The aim of the present invention is to propose, starting from the state of the art explained above, a process for coating steel strip, by which zinc-coated steel strip can be produced in large quantities and which provides improved protection against corrosion and at the same time equally good forming properties. Additionally, the goal is to produce a steel strip that has particularly good corrosion resistance with great formability.

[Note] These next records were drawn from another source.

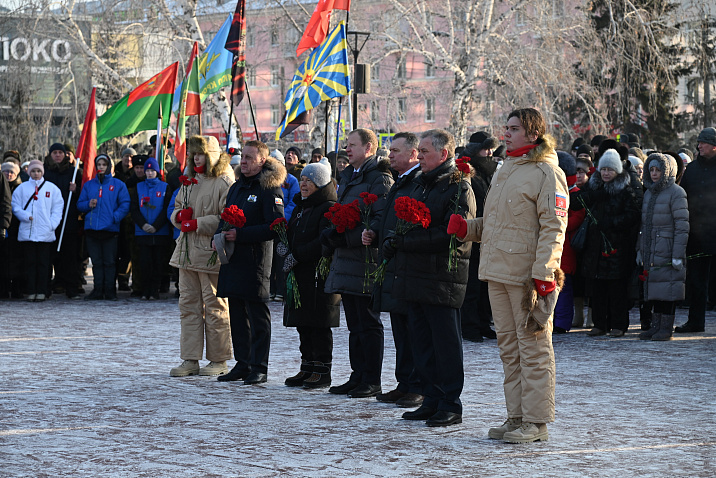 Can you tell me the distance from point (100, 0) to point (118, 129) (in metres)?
11.6

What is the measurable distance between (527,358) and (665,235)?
5.30m

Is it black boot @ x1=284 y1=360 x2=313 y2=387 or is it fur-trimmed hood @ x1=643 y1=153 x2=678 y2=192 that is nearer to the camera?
black boot @ x1=284 y1=360 x2=313 y2=387

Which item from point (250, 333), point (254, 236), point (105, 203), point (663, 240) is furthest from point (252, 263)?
point (105, 203)

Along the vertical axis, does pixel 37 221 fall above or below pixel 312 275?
→ above

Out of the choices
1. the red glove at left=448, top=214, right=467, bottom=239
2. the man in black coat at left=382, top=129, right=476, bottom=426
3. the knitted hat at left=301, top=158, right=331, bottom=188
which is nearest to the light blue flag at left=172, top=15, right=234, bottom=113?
the knitted hat at left=301, top=158, right=331, bottom=188

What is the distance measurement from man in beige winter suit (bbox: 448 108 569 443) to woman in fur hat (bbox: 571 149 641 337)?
17.5ft

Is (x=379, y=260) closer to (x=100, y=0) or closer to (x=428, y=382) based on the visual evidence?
(x=428, y=382)

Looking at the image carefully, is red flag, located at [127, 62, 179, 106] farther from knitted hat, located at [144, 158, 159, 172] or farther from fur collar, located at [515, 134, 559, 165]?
fur collar, located at [515, 134, 559, 165]

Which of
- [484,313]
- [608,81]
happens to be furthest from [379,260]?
[608,81]

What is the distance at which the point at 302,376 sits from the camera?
355 inches

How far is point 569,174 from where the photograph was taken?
12172 millimetres

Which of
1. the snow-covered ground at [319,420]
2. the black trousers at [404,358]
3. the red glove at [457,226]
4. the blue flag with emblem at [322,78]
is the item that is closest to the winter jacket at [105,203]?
the blue flag with emblem at [322,78]

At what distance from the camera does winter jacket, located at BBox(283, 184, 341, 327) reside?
29.1 feet

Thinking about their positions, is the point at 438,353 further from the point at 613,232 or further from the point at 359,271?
the point at 613,232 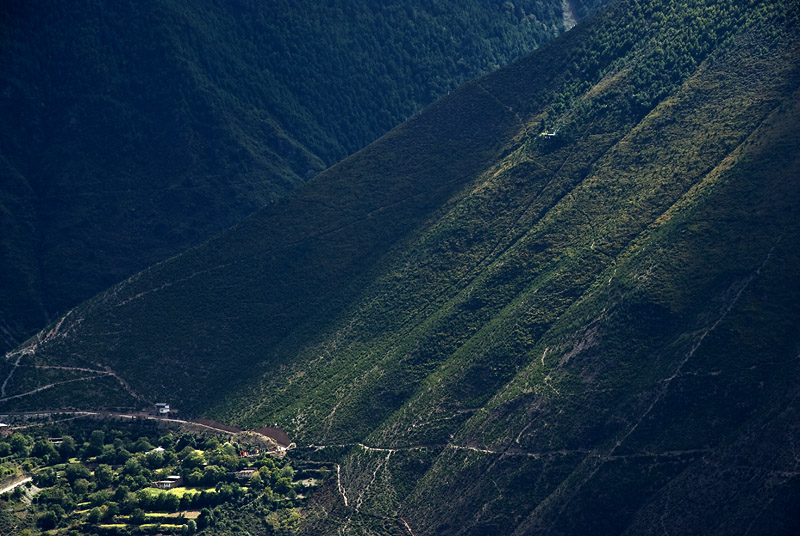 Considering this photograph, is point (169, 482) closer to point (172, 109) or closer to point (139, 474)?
point (139, 474)

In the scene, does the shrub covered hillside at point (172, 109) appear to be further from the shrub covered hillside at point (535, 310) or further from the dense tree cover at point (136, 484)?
the dense tree cover at point (136, 484)

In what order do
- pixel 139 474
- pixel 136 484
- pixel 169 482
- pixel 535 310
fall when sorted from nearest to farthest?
1. pixel 136 484
2. pixel 169 482
3. pixel 139 474
4. pixel 535 310

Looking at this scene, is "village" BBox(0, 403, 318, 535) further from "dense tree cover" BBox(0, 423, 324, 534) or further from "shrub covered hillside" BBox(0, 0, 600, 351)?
"shrub covered hillside" BBox(0, 0, 600, 351)

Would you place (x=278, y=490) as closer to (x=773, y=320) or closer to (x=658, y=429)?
(x=658, y=429)

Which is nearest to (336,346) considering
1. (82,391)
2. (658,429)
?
(82,391)

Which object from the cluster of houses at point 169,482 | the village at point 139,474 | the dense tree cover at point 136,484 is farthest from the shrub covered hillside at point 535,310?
the cluster of houses at point 169,482

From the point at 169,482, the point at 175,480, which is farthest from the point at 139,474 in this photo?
the point at 175,480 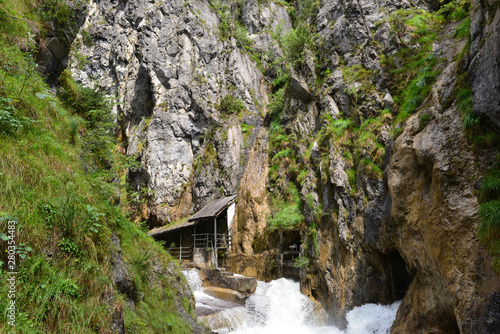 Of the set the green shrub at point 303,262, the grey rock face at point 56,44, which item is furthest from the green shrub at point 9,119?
the green shrub at point 303,262

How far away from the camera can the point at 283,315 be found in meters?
13.1

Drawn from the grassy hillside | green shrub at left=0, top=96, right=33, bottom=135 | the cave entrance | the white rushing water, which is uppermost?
green shrub at left=0, top=96, right=33, bottom=135

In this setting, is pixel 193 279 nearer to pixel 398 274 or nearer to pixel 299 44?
pixel 398 274

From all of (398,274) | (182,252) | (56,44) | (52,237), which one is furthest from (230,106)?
(52,237)

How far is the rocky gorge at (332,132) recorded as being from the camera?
6.67 m

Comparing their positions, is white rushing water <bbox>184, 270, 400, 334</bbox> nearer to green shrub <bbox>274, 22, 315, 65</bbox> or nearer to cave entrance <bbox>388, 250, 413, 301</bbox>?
cave entrance <bbox>388, 250, 413, 301</bbox>

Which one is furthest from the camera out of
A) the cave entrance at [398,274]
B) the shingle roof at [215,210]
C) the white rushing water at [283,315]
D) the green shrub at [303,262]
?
the shingle roof at [215,210]

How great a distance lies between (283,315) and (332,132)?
9.30 meters

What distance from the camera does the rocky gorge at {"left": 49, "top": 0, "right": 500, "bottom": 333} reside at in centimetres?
667

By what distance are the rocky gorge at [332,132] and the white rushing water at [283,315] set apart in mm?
618

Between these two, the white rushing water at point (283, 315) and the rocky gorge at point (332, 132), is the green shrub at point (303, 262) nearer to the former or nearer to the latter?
the rocky gorge at point (332, 132)

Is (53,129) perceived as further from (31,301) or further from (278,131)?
(278,131)

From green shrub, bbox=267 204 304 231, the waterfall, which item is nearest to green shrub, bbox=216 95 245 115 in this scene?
green shrub, bbox=267 204 304 231

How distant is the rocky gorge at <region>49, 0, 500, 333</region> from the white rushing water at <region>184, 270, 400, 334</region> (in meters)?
0.62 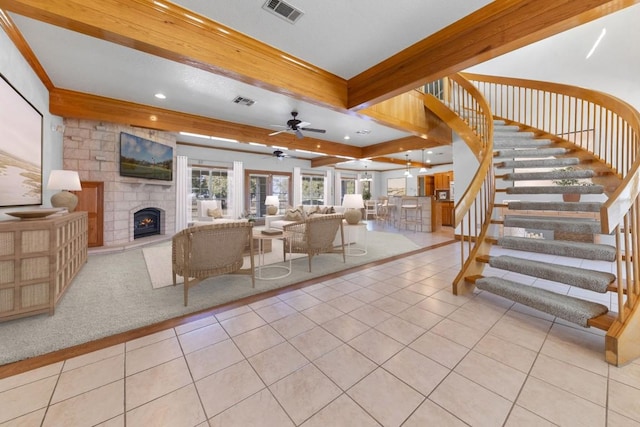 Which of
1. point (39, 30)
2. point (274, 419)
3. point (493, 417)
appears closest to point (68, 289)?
point (39, 30)

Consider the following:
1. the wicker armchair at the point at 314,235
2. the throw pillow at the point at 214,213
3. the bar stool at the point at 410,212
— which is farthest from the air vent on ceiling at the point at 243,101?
the bar stool at the point at 410,212

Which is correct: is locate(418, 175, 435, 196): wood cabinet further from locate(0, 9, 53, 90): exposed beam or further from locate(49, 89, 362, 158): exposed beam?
locate(0, 9, 53, 90): exposed beam

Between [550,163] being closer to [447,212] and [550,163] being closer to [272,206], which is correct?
[447,212]

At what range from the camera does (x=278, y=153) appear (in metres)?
6.83

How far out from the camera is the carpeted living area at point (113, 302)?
6.32 ft

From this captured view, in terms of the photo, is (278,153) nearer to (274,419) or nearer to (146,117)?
(146,117)

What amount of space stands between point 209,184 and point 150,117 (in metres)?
3.26

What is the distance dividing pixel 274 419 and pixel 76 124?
19.0 feet

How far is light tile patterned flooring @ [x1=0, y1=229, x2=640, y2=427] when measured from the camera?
1.28m

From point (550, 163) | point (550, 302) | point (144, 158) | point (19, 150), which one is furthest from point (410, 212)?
point (19, 150)

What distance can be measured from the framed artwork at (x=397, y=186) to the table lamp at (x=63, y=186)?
10.8 meters

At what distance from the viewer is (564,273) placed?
7.18 feet

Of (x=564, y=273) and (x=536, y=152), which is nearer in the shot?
(x=564, y=273)

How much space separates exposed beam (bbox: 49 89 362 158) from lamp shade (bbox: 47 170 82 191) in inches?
54.3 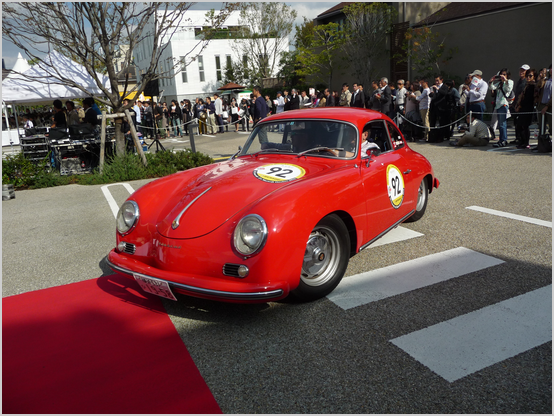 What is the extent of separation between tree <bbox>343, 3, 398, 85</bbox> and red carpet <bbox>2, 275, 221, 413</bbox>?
26.6 meters

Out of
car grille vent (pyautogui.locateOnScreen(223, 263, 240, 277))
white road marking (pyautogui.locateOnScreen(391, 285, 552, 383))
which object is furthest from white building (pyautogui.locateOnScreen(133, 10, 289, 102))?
white road marking (pyautogui.locateOnScreen(391, 285, 552, 383))

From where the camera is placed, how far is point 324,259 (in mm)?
3719

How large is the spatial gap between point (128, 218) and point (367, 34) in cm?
2643

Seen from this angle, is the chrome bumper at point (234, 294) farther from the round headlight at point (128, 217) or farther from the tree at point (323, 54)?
the tree at point (323, 54)

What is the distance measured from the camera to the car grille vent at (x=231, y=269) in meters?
3.15

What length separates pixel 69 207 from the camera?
26.0ft

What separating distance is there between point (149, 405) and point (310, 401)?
911mm

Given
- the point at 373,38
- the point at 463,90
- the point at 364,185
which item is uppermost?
the point at 373,38

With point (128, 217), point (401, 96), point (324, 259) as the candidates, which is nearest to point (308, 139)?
point (324, 259)

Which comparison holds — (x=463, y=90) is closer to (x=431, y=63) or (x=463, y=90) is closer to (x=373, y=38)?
(x=431, y=63)

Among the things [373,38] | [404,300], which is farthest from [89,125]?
[373,38]

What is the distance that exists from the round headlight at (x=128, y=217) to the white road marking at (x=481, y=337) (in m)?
2.35

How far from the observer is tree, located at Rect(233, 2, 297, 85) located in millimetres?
39594

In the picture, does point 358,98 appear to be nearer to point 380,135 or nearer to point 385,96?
point 385,96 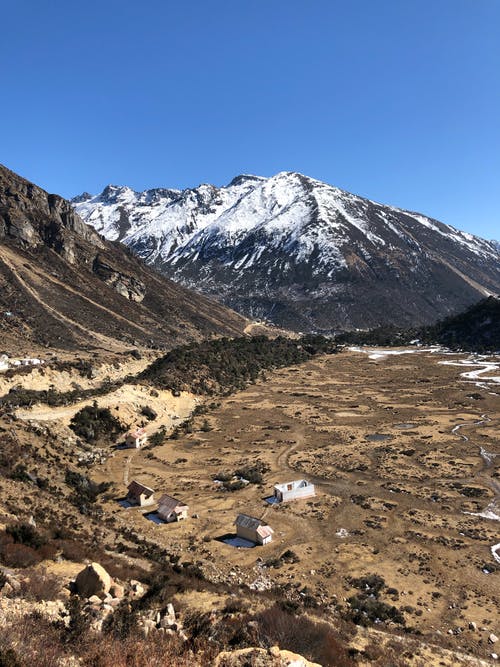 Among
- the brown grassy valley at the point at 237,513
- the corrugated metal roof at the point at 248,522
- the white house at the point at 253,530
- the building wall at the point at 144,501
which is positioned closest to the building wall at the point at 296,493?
the brown grassy valley at the point at 237,513

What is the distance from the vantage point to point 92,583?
14.3 meters

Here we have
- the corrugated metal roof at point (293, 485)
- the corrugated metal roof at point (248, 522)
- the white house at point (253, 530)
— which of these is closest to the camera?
the white house at point (253, 530)

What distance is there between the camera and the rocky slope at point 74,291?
311 ft

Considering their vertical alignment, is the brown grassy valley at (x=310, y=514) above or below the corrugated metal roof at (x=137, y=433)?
above

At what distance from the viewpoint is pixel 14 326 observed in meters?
87.4

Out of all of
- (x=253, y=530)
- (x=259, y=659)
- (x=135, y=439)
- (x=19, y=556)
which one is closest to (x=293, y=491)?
(x=253, y=530)

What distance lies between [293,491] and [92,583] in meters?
22.0

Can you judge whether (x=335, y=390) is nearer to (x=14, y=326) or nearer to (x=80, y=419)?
(x=80, y=419)

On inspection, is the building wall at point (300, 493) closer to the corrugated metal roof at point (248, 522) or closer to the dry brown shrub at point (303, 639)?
the corrugated metal roof at point (248, 522)

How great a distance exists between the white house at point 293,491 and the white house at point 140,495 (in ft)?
30.6

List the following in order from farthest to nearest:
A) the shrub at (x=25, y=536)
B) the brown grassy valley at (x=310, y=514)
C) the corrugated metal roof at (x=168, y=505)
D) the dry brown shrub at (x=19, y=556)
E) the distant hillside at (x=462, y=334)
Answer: the distant hillside at (x=462, y=334) → the corrugated metal roof at (x=168, y=505) → the brown grassy valley at (x=310, y=514) → the shrub at (x=25, y=536) → the dry brown shrub at (x=19, y=556)

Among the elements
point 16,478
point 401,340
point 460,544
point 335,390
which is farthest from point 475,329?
point 16,478

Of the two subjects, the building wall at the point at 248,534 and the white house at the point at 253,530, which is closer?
the white house at the point at 253,530

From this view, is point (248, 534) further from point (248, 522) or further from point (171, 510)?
point (171, 510) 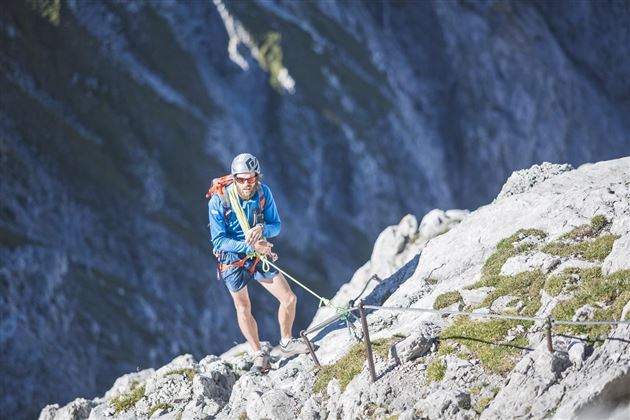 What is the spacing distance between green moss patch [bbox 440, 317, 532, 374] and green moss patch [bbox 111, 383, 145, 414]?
8.20 meters

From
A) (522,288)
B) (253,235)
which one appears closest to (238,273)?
(253,235)

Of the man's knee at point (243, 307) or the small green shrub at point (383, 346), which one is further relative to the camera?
the man's knee at point (243, 307)

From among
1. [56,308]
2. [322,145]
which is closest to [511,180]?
[56,308]

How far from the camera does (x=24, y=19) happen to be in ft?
290

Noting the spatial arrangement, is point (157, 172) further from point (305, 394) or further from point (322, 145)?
point (305, 394)

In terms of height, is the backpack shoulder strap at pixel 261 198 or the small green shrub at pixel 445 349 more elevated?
the backpack shoulder strap at pixel 261 198

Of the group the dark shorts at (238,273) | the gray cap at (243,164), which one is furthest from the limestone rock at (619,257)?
the gray cap at (243,164)

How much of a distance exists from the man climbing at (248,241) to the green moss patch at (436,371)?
3.96 meters

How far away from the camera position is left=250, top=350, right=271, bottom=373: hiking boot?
20484 mm

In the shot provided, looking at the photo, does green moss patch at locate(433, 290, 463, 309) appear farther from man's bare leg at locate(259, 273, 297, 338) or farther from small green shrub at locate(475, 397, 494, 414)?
small green shrub at locate(475, 397, 494, 414)

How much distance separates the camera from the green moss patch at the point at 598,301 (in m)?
16.0

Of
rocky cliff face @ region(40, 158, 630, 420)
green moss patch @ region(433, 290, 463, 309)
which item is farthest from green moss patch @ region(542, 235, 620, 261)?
green moss patch @ region(433, 290, 463, 309)

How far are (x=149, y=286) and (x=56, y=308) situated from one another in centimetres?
1648

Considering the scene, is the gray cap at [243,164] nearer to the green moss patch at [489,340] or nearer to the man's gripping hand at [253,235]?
the man's gripping hand at [253,235] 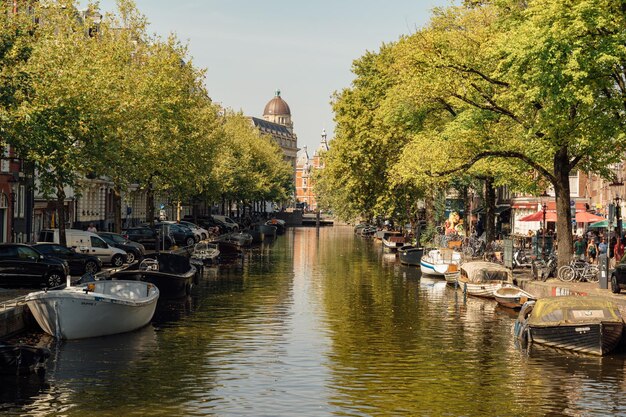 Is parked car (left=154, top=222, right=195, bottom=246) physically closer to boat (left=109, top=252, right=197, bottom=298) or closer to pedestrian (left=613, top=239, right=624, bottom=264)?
boat (left=109, top=252, right=197, bottom=298)

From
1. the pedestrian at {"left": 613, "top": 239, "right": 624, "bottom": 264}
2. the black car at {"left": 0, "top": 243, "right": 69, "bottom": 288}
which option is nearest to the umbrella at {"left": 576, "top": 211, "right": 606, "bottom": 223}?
the pedestrian at {"left": 613, "top": 239, "right": 624, "bottom": 264}

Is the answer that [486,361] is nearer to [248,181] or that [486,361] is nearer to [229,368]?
[229,368]

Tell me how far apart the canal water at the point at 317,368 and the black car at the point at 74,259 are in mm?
6227

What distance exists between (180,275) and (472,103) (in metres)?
15.1

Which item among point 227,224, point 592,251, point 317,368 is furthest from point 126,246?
point 227,224

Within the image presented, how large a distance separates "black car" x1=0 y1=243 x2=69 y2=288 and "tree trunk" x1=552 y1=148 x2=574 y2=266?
20819 millimetres

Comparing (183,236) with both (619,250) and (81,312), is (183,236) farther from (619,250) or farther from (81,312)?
(81,312)

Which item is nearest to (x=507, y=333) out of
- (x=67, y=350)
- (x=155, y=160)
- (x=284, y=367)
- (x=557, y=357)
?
(x=557, y=357)

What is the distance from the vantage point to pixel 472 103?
44.7 metres

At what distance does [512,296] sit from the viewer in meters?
39.9

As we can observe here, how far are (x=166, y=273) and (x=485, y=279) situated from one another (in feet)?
46.6

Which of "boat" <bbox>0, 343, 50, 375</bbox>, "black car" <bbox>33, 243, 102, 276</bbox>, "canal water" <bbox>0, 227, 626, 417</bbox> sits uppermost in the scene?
"black car" <bbox>33, 243, 102, 276</bbox>

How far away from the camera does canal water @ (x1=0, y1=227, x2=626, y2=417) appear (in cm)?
2186

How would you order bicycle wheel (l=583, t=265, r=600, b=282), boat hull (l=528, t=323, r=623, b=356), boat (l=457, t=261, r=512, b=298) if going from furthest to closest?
boat (l=457, t=261, r=512, b=298)
bicycle wheel (l=583, t=265, r=600, b=282)
boat hull (l=528, t=323, r=623, b=356) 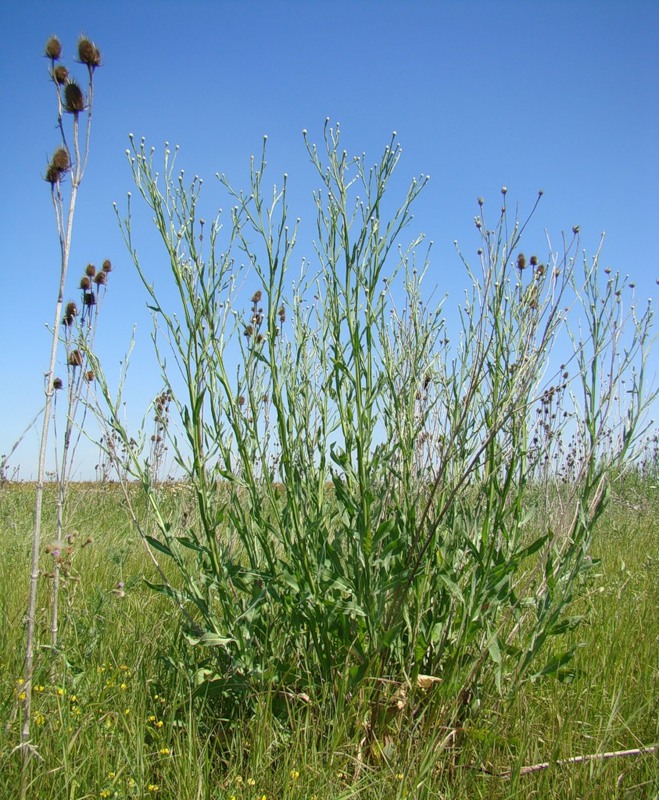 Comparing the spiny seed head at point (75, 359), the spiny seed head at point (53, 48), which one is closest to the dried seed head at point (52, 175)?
the spiny seed head at point (53, 48)

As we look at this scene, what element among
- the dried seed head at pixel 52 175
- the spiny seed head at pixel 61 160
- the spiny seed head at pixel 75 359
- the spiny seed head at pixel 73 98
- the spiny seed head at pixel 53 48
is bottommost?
the spiny seed head at pixel 75 359

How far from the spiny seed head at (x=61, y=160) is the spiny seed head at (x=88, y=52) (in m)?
0.30

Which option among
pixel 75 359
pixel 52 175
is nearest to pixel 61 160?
pixel 52 175

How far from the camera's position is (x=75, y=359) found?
2.96 metres

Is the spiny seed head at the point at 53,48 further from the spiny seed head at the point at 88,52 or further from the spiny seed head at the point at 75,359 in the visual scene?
the spiny seed head at the point at 75,359

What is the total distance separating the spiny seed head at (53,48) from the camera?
2.13 metres

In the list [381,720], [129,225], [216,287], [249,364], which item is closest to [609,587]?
[381,720]

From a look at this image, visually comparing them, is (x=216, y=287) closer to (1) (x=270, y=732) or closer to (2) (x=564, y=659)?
(1) (x=270, y=732)

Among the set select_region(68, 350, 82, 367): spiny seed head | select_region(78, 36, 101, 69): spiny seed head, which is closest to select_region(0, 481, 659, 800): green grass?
select_region(68, 350, 82, 367): spiny seed head

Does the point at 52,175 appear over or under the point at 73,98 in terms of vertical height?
under

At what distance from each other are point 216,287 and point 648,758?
208 centimetres

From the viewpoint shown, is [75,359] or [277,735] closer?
[277,735]

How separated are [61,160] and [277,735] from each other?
2.00 m

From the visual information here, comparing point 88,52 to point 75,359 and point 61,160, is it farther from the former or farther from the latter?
point 75,359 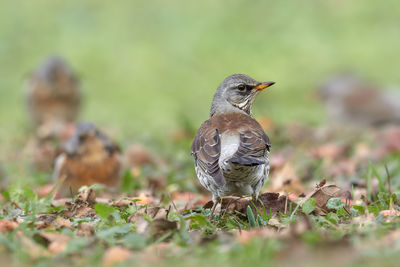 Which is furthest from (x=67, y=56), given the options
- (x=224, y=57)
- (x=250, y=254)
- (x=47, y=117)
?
(x=250, y=254)

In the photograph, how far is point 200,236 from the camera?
404cm

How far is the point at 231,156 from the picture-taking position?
4.69 m

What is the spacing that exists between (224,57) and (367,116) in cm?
531

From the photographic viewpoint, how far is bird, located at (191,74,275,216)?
4.67 meters

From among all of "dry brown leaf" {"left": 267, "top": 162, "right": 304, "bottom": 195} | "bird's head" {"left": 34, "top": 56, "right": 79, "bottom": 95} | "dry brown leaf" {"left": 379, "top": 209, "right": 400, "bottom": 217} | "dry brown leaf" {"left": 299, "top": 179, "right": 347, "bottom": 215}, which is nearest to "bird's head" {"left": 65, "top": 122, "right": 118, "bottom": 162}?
"dry brown leaf" {"left": 267, "top": 162, "right": 304, "bottom": 195}

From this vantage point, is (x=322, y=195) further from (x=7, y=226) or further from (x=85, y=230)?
(x=7, y=226)

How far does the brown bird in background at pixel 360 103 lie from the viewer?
13.1 metres

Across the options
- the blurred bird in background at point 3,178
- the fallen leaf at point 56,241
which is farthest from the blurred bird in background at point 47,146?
the fallen leaf at point 56,241

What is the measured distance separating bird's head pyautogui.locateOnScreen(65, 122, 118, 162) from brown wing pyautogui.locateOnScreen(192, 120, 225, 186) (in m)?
2.48

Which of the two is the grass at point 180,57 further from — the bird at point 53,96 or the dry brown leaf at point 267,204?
the dry brown leaf at point 267,204

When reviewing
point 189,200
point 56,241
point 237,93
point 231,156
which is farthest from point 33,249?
point 237,93

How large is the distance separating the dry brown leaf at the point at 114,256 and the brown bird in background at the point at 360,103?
1025cm

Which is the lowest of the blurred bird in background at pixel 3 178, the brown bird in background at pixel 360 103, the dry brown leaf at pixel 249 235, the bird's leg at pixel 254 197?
the blurred bird in background at pixel 3 178

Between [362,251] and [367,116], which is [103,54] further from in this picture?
[362,251] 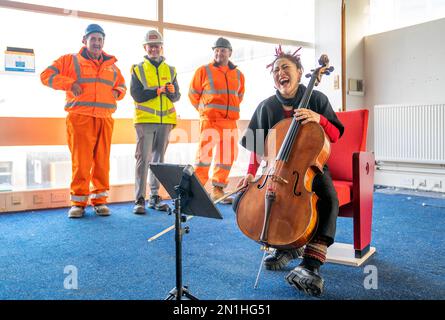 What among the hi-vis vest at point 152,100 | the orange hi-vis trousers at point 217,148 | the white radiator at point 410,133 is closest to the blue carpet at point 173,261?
the orange hi-vis trousers at point 217,148

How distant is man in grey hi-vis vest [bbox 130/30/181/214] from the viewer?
3.72 m

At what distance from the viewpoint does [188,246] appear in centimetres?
253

This goal is achieved by a process for the production of a steel strip having a zinc coating, in which the steel strip is continuously subjected to the following working stages, which are carried out one after the other, and thus the strip is subjected to the process of applying a zinc coating by hot dip, which is carried out in at least two degrees:

- continuous heat treatment of the steel strip before entering the first immersion bath,

- coating the steel strip in the first stage of hot dipping to apply the base layer of zinc coating, whereby the steel strip passes during the first immersion time through the first dipping bath, which contains a zinc melt with a low aluminum content,

- cooling of the steel strip coated with the base layer i

- application of the covering layer to the steel strip, which is covered with the base layer, whereby in the second stage of hot dipping for applying the coating, the steel strip, which is covered with the base layer, passes during the second immersion time through a second immersion bath, which contains a second zinc melt which has a higher aluminum content than the first zinc melt.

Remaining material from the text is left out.